Gender equality is crucial for food security
DateOctober 27, 2021
“Gender equality is crucial for food security because investing in rural women improves the livelihood odds not just for women, but for everyone. When rural women are able to earn and control their income, this has a direct impact not only on the well-being and food security of their families, but it also brings lasting benefits to the entire community. Therefore, achieving sustainable agricultural development and food security would be impossible without empowering rural women,” said Anneli Leina, Regional Director of We Effect Europe in her opening speech at the online event – Economic Empowerment of Rural Women in the Context of Sustainable Food Security System, organised by our partner organisations in North Macedonia, NFF and RDN.
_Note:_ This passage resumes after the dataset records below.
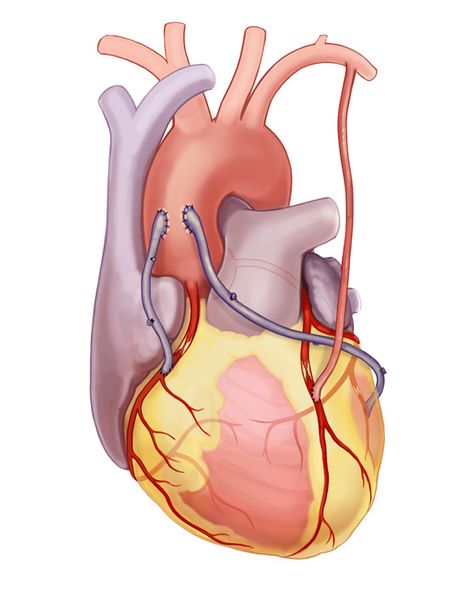 Coronary artery bypass surgery is commonly called as heart bypass surgery. Bypass surgery is a procedure that involves diverting of left internal thoracic artery to the left anterior descending branch of the left main coronary artery for the purpose of retaining normal blood flow. It is expected to relieve dysfunctioning of left ventricle and decrease … Computed Tomography, Spinal Fluid, Coronary Artery, Heart Anatomy, Bypass Surgery, Heart Muscle, Coronary Arteries, Brain Surgery, Heart Surgery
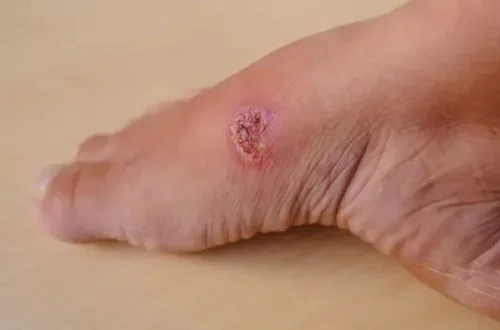 Chia sẻ Cách tắm lá chè xanh cho người lớn Tắm lá chè xanh cho người lớn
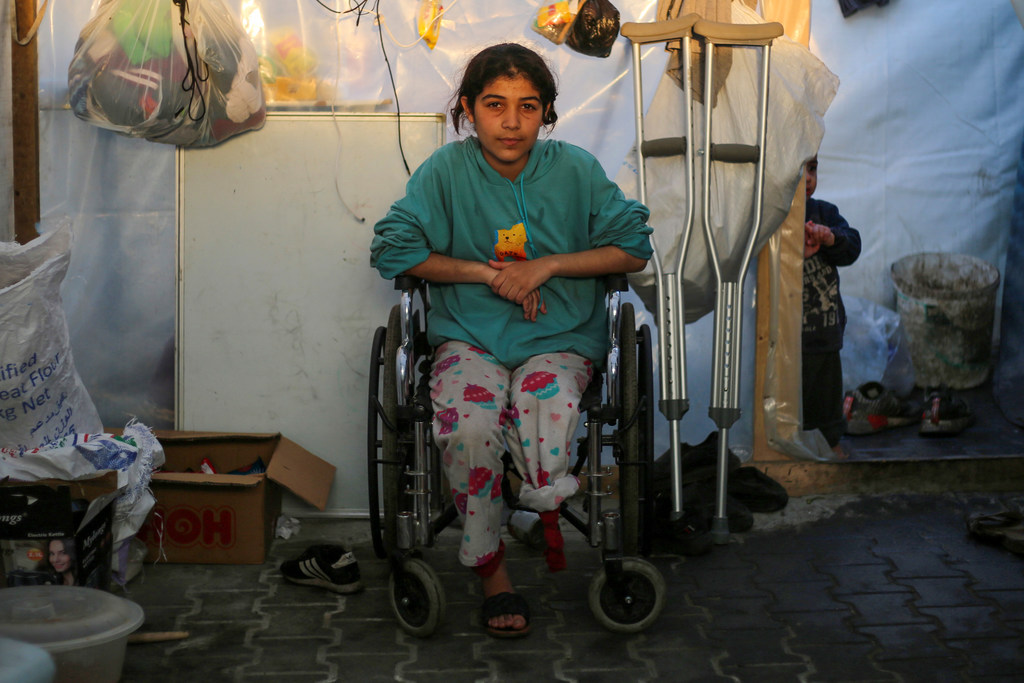 رزان طفلة فلسطينية (11 عاما) فقدت والديها وأشقاءها في الحرب في غزة. أصيبت في أعمال قصف واضطر الأطباء إلى بتر ساقها في ظل الافتقار للعلاج المناسب.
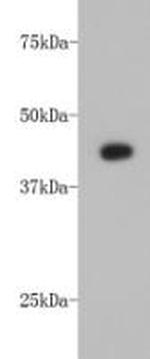 alpha-Cardiac Actin Antibody in Western Blot (WB)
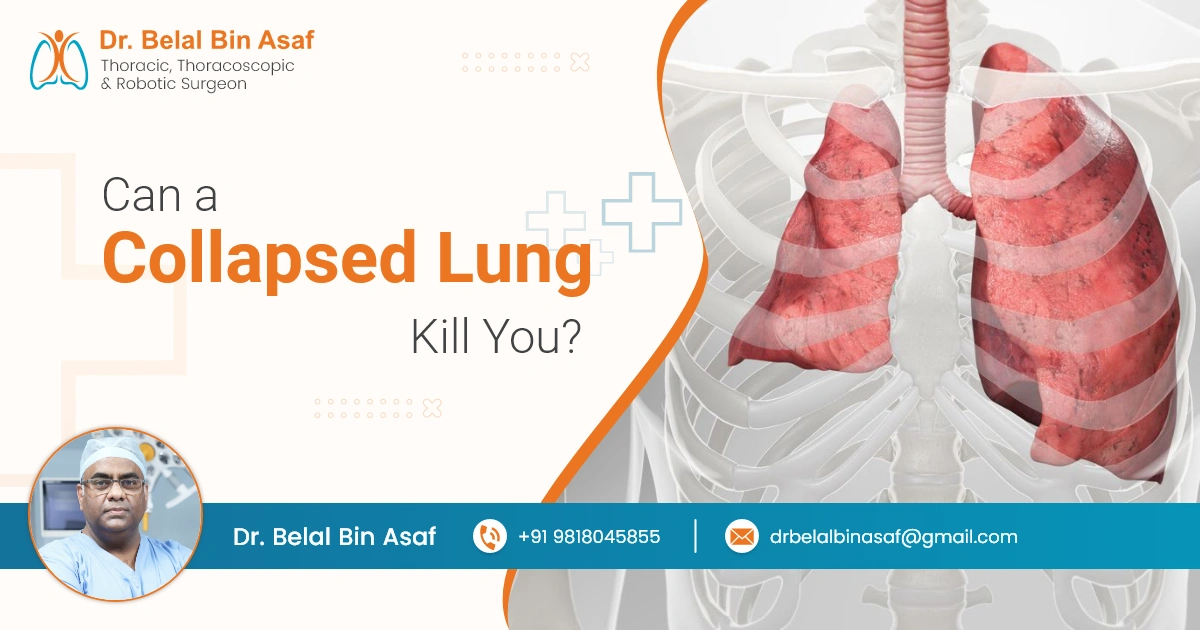 Can a Collapsed Lung Kill You? Understanding Pneumothorax and Its Risks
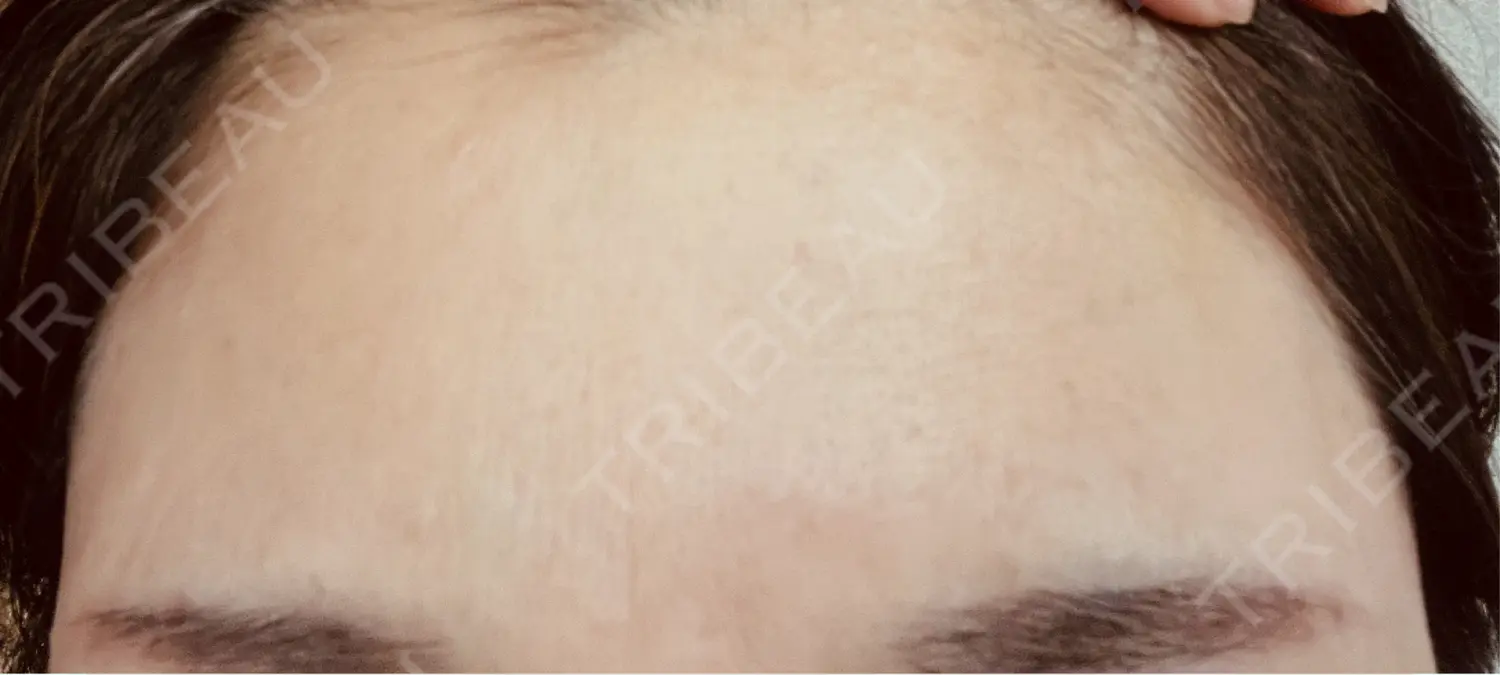 施術後の写真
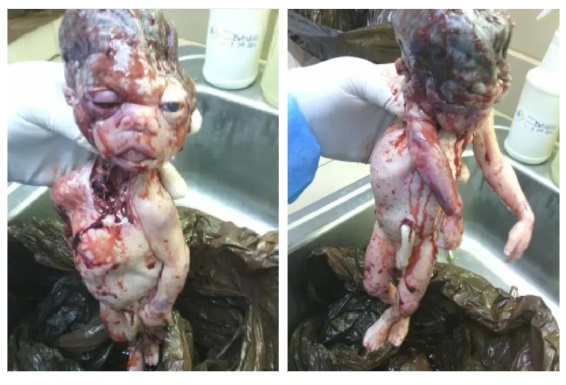 Images: Aborted baby images to Operation Rescue from staff at Houston abortion facility operated by Douglas Karpen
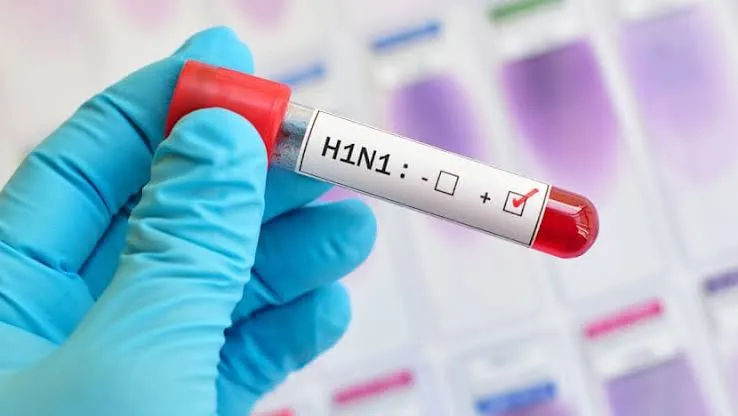 Mengenal 7 Gejala Influenza A dan Deretan Kelompok Rentannya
The event brought together various stakeholders from the rural areas of North Macedonia as well as representatives of institutions, SCOs and important actors in rural development to discuss the role of rural women in food systems, the challenges they face and actions to be taken in order to strengthen their position in the community.
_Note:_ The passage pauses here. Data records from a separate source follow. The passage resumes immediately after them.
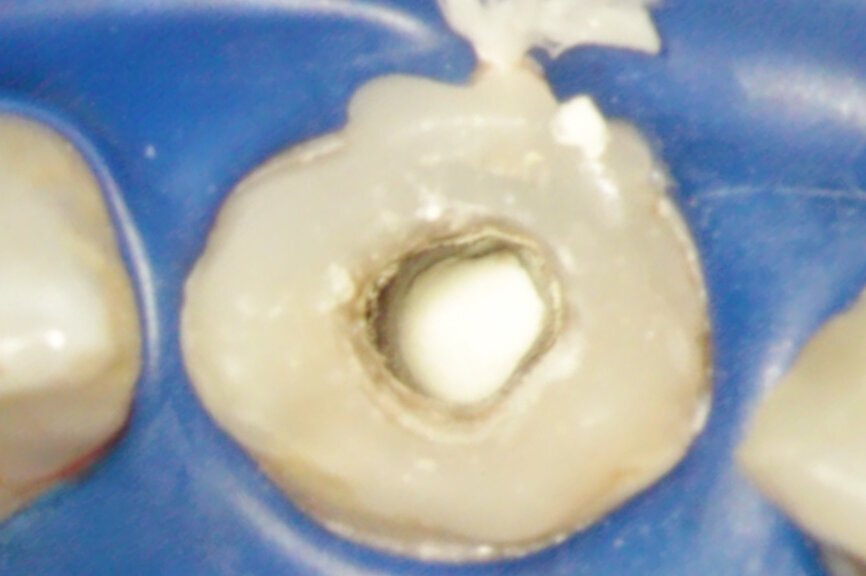 Fig. 2f: (a) Endodontically treated tooth with fistula. (b) After retreatment, the tooth showed an open apex. (c) MTA application with the MAP System and PD MTA White. Condensation of the MTA with pluggers (d) or paper points (e). (f) MTA plug. (g) Post-op radiograph showing the MTA plug and the reconstruction with a fibre post.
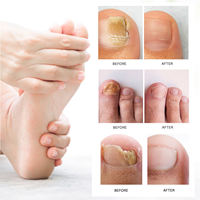Crème Naturelle Pure Contre les Mycoses des Ongles, Gel Réparateur Anti-Infection pour les Ongles des Pieds et des Doigts, Soin de l'Onychomycose, Pommade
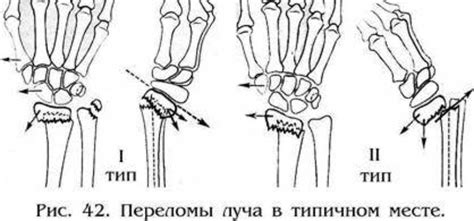 Как происходит процесс смещения при переломе?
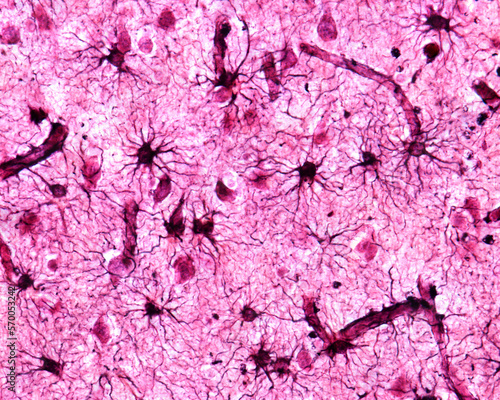 Cerebral cortex. Protoplasmic astrocytes photo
“Women’s work in agriculture is essential for poverty reduction, food security and rural growth,” said Mikael Atterhög, Head of Development Cooperation at the Embassy of Sweden in North Macedonia, adding that “gender mainstreaming in rural sector policies is key for achieving women’s economic empowerment.”
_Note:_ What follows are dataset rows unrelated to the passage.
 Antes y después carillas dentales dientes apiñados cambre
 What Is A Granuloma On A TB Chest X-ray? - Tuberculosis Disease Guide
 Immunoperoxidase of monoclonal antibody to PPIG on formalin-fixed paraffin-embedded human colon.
“Agricultural policies and programmes should challenge existing inequalities. Sweden believes that women’s limited economic empowerment contributes to inequality between women and men and therefore is a priority of the Swedish development cooperation. For us, women’s economic empowerment implies that women have obtained real power over the economic decisions that influence their lives and priorities,” he said.
Goce Georgievski, Head of the Sector for Rural Development at the Ministry of Agriculture, Forestry and Water Economy of North Macedonia, acknowledged the obstacle that rural women face, saying that the Ministry is putting more efforts towards gender mainstreaming in policies and gender responsive budgeting.
As a positive example he mentioned the measure, commonly known as Measure 115, which envisages that rural women can have access to state grants in the amount of EUR 3000 (SEK30000) for direct investments in agriculture activities. The measure was adopted as a result of intensive lobby activities of our partner organisations in the country.
“We are seeing that this measure adopted in 2019 is already giving results. Until 2019 we had 36 048 women registered as active participants in agricultural activities, while now that number has risen to 38 241,” said Goce Georgievski unveiling plans at the Ministry to increase the support for the rural women through this measure both in terms of greater number of recipients and the amount of the grant.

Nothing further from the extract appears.